BEGIN

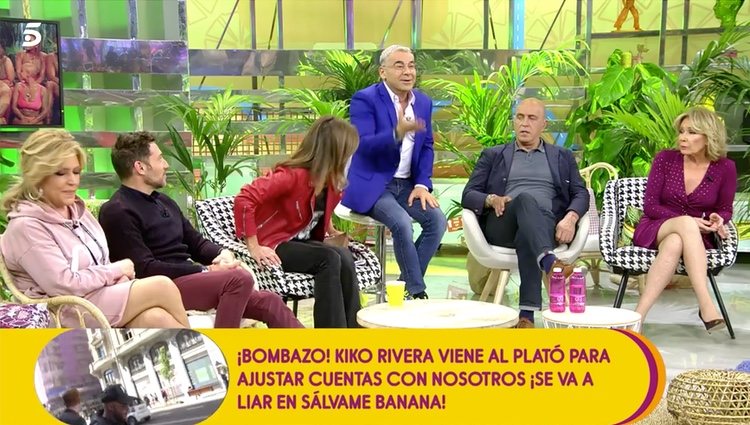 Jorge Javier Vázquez aconsejando a sus compañeros en 'Sálvame'/ Foto: telecinco.es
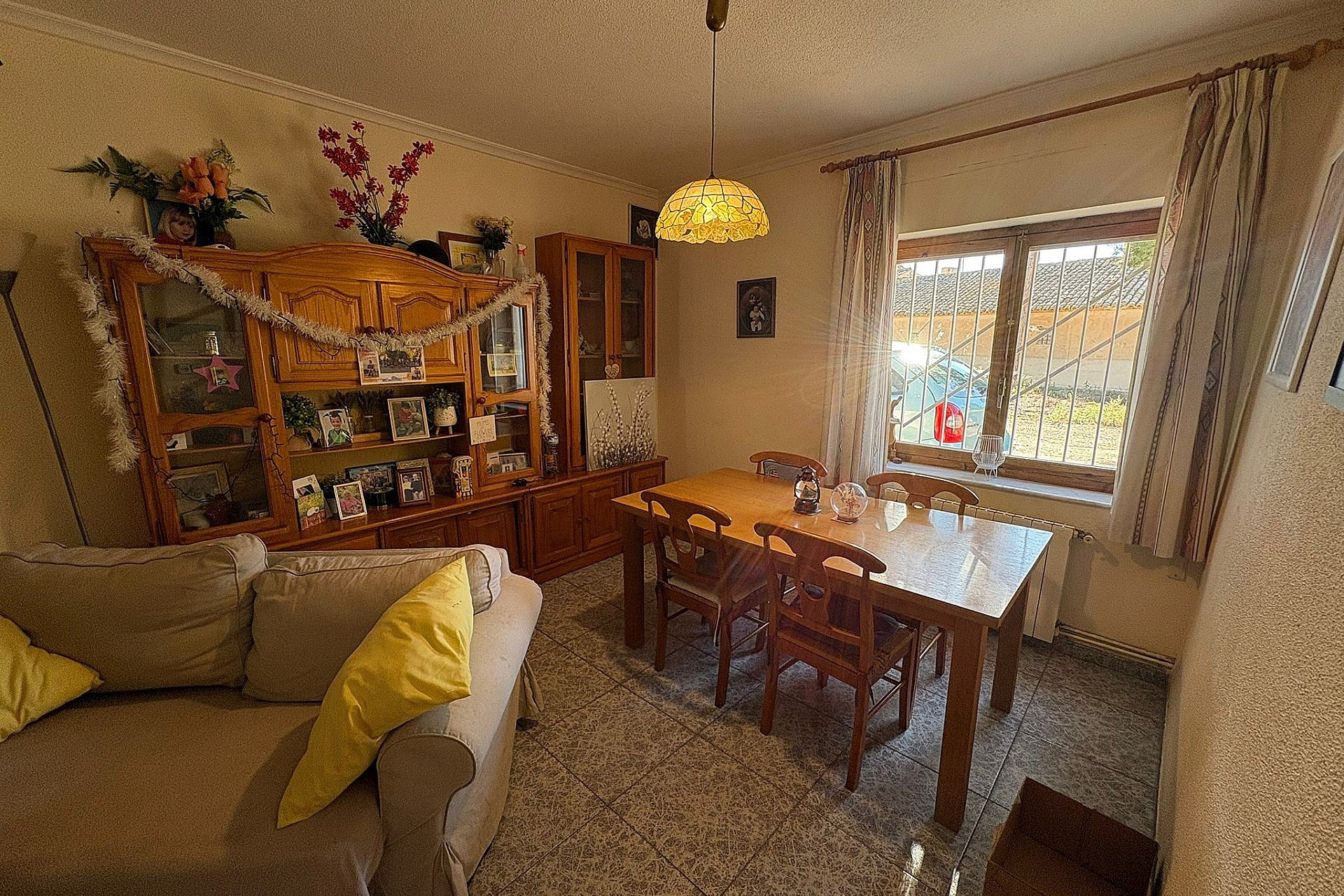 Resale - Village house -
Monovar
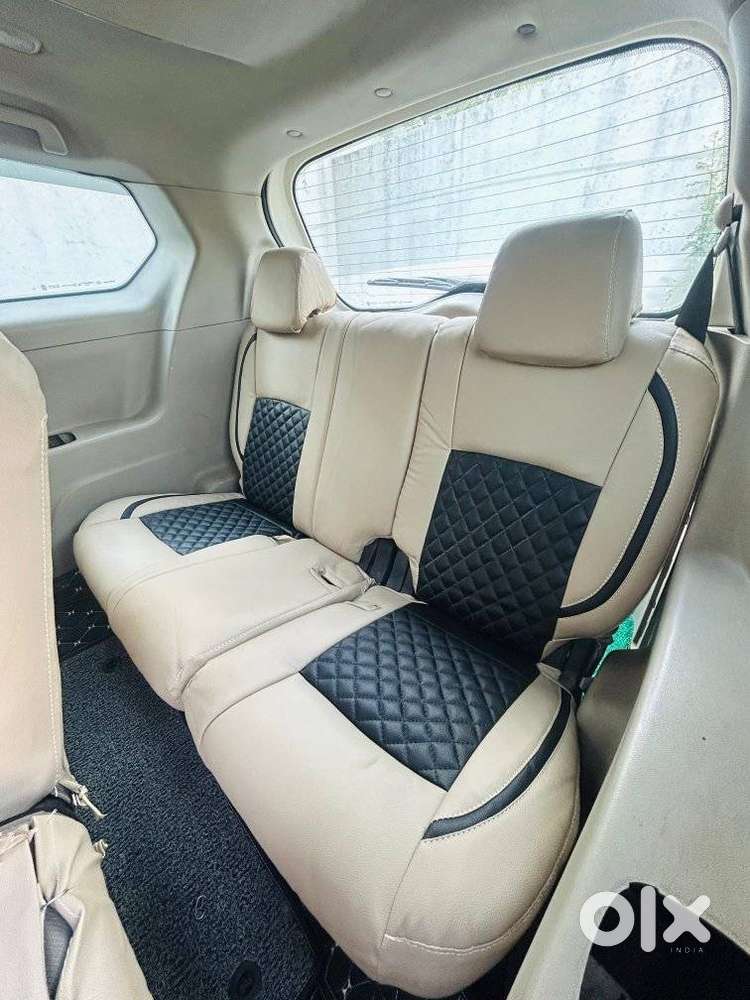 Mahindra Marazzo M6 8str, 2019, Diesel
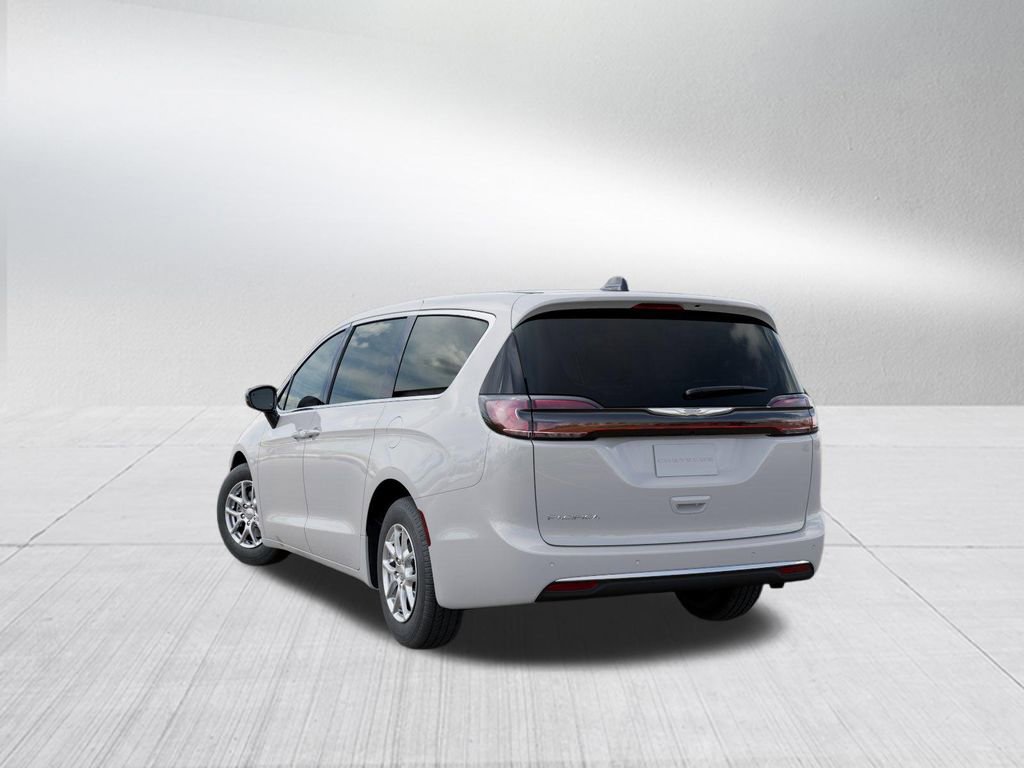 New 2026 Chrysler Pacifica Select image 3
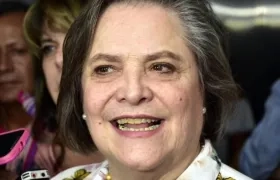 La senadora Clara López.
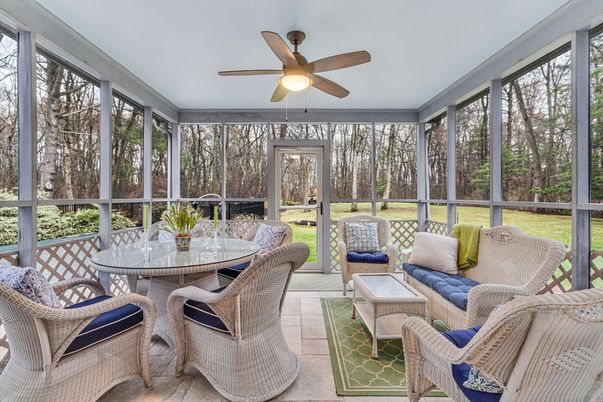Dining room, Interior, Living room, Sun Room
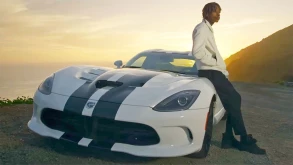 Ο Wiz Khalifa παίρνει την πρωτιά του YouTube από τον Psy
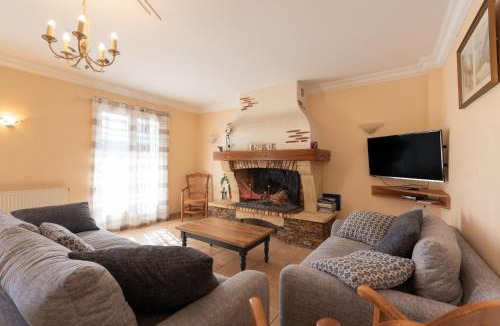 Ouzous House | Gite Le Bérierot avec piscine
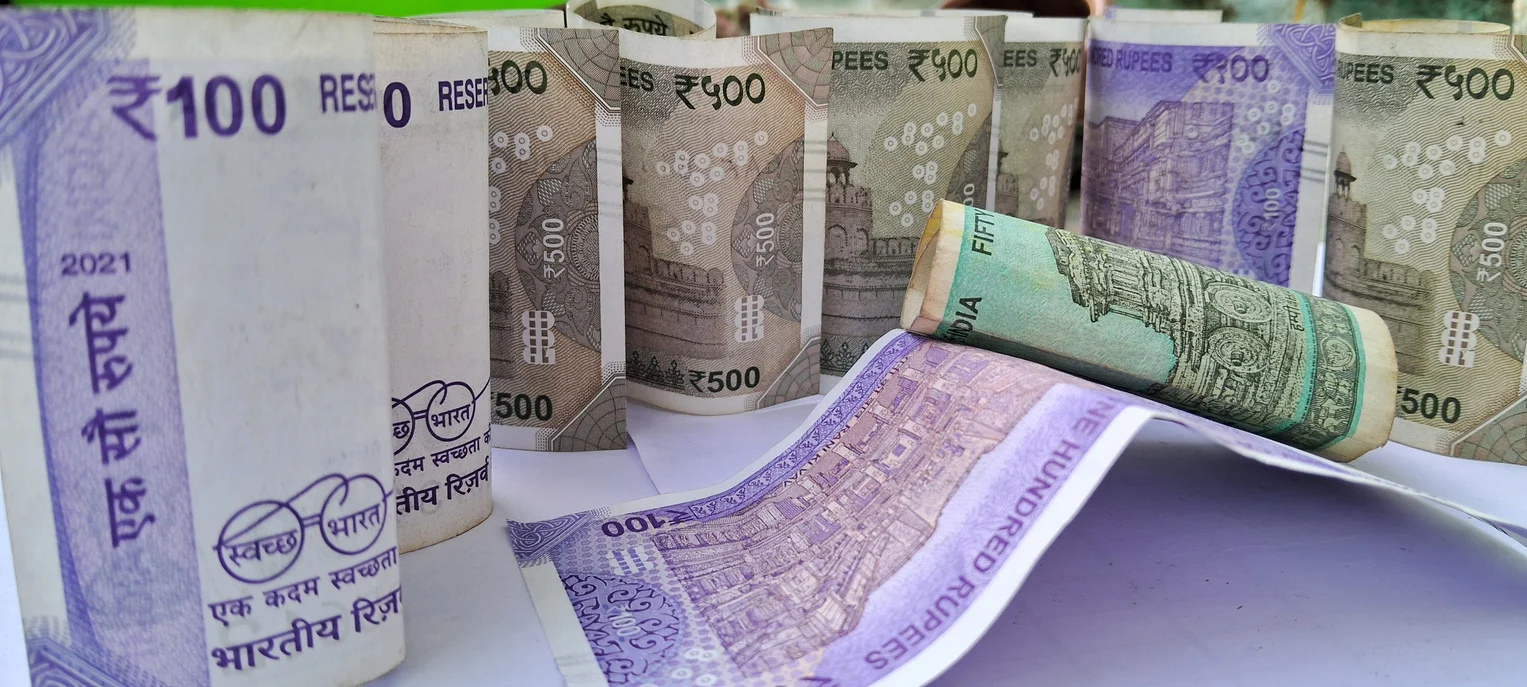Rupee Stabilizes as RBI Steps Support Currency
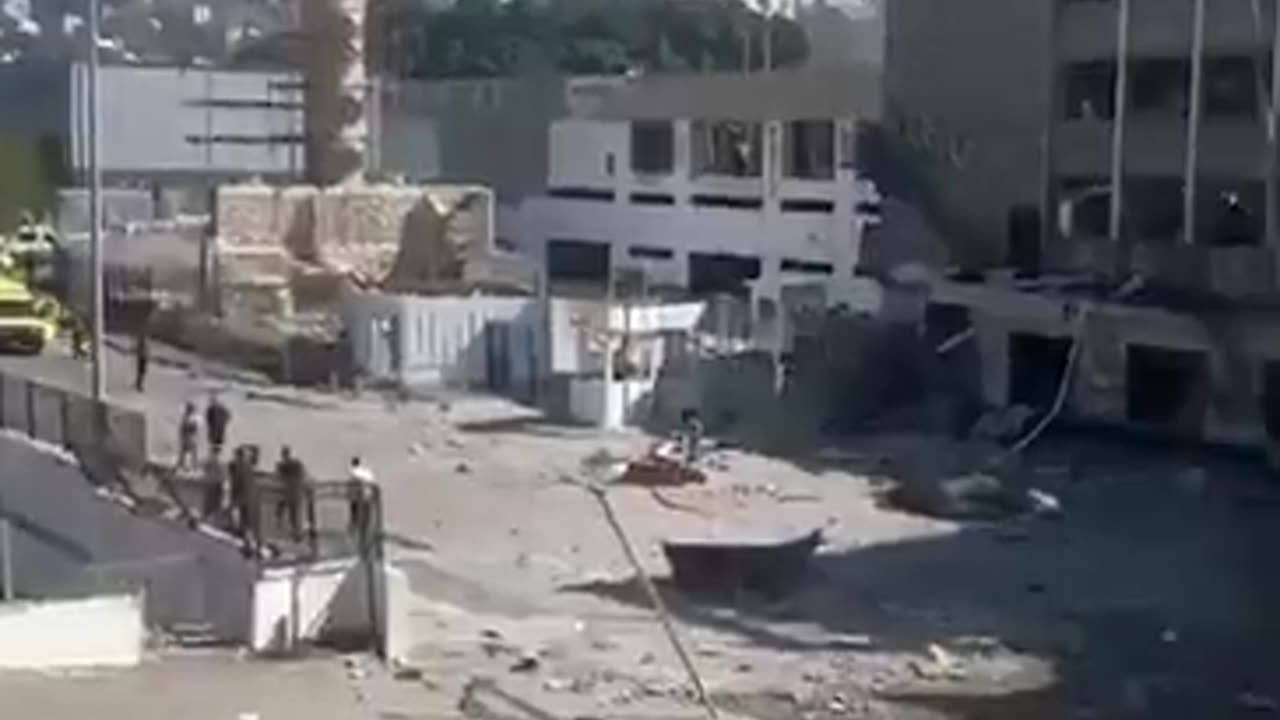 2.- Irán ataca la mezquita Al-Jarina en Haifa (Israel) con 25 misiles balísticos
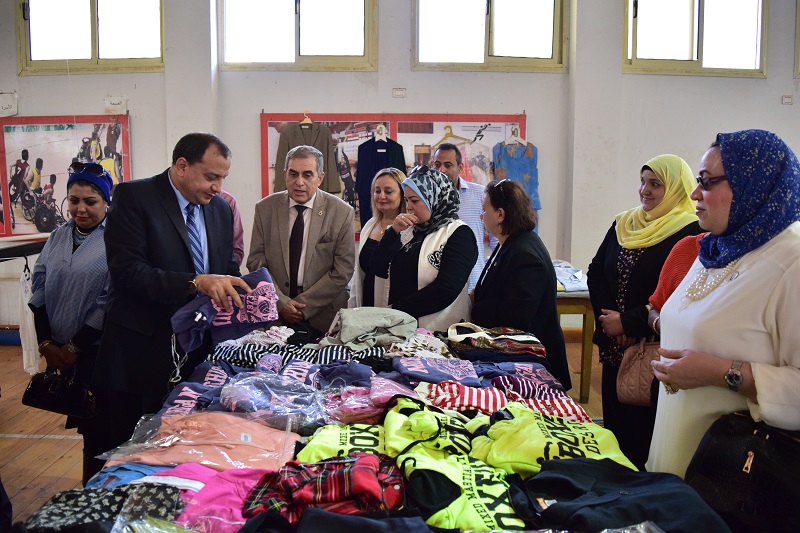 رئيس جامعة بنى سويف يفتتح معرضا خيريا للملابس (4)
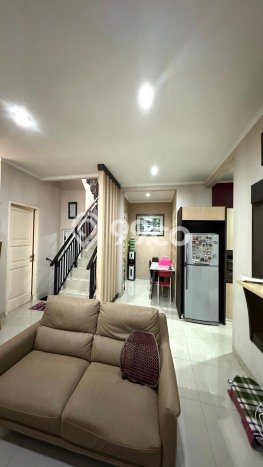 Rumah Elit LB 130m2 Siap Huni Desain Elegan di Gading Serpong, Tangerang Rumah Elit LB 130m2 Siap Huni Desain Elegan di Gading Serpong, Tangerang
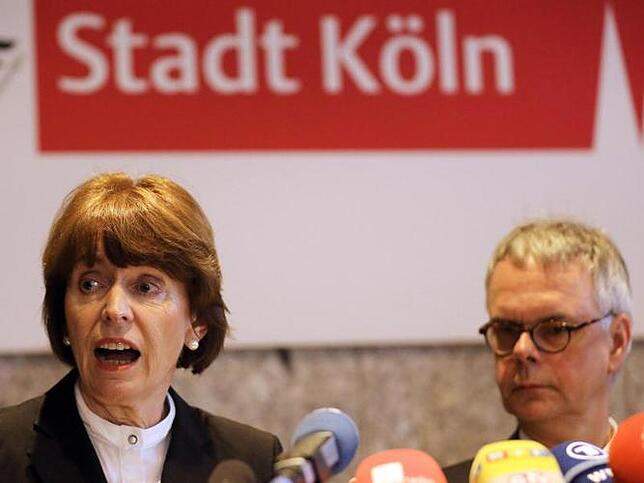 Die Kölner Oberbürgermeisterin Henriette Reker und Polizeipräsident Wolfgang Albers informieren über die Vorfälle in der Silvesternacht.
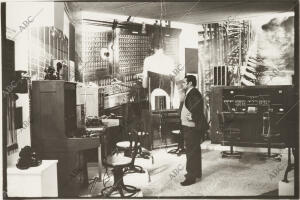 En la imagen, una persona contempla una de las antiguas centrales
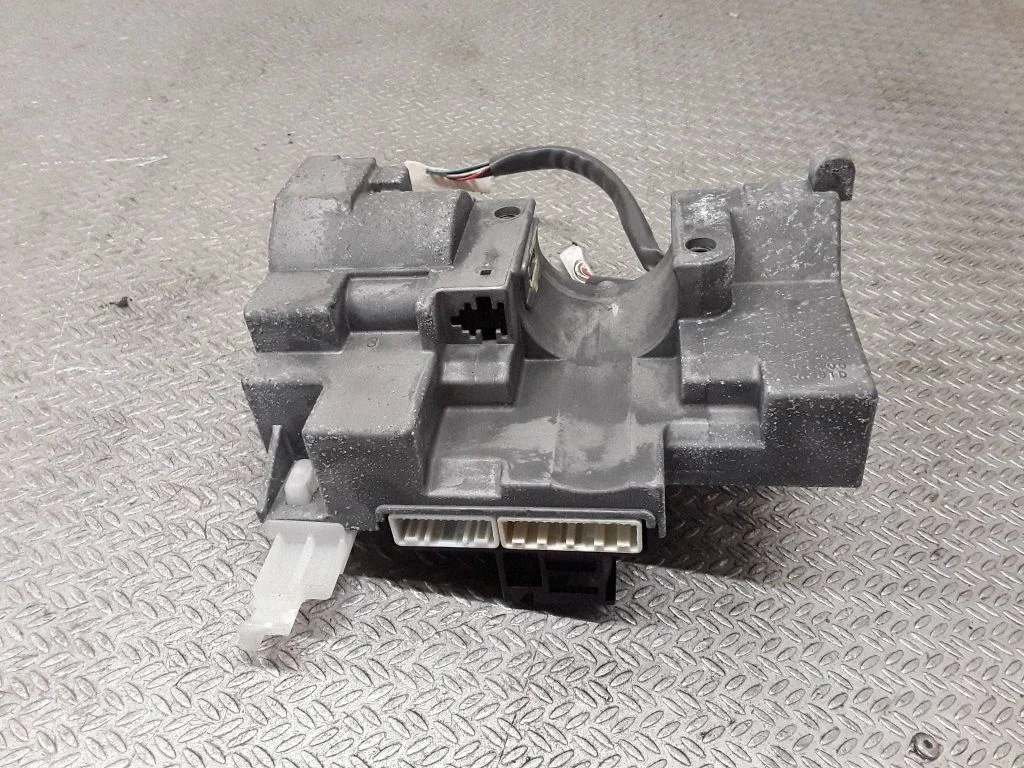 Steering wheel lock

END

§ **WORK INSTRUCTION**
Copy out exactly the lines that run from the line containing "Resale - Village" through the last line of the material, and nothing more; omit the pictures.

§ **OUTPUT FOR THIS EXERCISE**
 Resale - Village house -
Monovar
 Mahindra Marazzo M6 8str, 2019, Diesel
 New 2026 Chrysler Pacifica Select image 3
 La senadora Clara López.
Dining room, Interior, Living room, Sun Room
 Ο Wiz Khalifa παίρνει την πρωτιά του YouTube από τον Psy
 Ouzous House | Gite Le Bérierot avec piscine
Rupee Stabilizes as RBI Steps Support Currency
 2.- Irán ataca la mezquita Al-Jarina en Haifa (Israel) con 25 misiles balísticos
 رئيس جامعة بنى سويف يفتتح معرضا خيريا للملابس (4)
 Rumah Elit LB 130m2 Siap Huni Desain Elegan di Gading Serpong, Tangerang Rumah Elit LB 130m2 Siap Huni Desain Elegan di Gading Serpong, Tangerang
 Die Kölner Oberbürgermeisterin Henriette Reker und Polizeipräsident Wolfgang Albers informieren über die Vorfälle in der Silvesternacht.
 En la imagen, una persona contempla una de las antiguas centrales
 Steering wheel lock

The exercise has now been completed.